## PROBLEM REQUIREMENTS
The expected reply is all of the data, returned exactly.

## RECORDED DATA
——————————

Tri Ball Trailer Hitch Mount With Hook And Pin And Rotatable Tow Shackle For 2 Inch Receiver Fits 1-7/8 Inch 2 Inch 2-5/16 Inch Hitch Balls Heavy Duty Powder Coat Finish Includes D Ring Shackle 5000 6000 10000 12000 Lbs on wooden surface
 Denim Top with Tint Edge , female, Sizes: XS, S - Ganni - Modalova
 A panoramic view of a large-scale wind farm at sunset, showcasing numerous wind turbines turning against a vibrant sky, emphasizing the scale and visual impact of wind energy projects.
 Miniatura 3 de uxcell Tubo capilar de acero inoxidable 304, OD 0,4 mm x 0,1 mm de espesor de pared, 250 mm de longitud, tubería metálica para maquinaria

——————————

## RESULT
Tri Ball Trailer Hitch Mount With Hook And Pin And Rotatable Tow Shackle For 2 Inch Receiver Fits 1-7/8 Inch 2 Inch 2-5/16 Inch Hitch Balls Heavy Duty Powder Coat Finish Includes D Ring Shackle 5000 6000 10000 12000 Lbs on wooden surface
 Denim Top with Tint Edge , female, Sizes: XS, S - Ganni - Modalova
 A panoramic view of a large-scale wind farm at sunset, showcasing numerous wind turbines turning against a vibrant sky, emphasizing the scale and visual impact of wind energy projects.
 Miniatura 3 de uxcell Tubo capilar de acero inoxidable 304, OD 0,4 mm x 0,1 mm de espesor de pared, 250 mm de longitud, tubería metálica para maquinaria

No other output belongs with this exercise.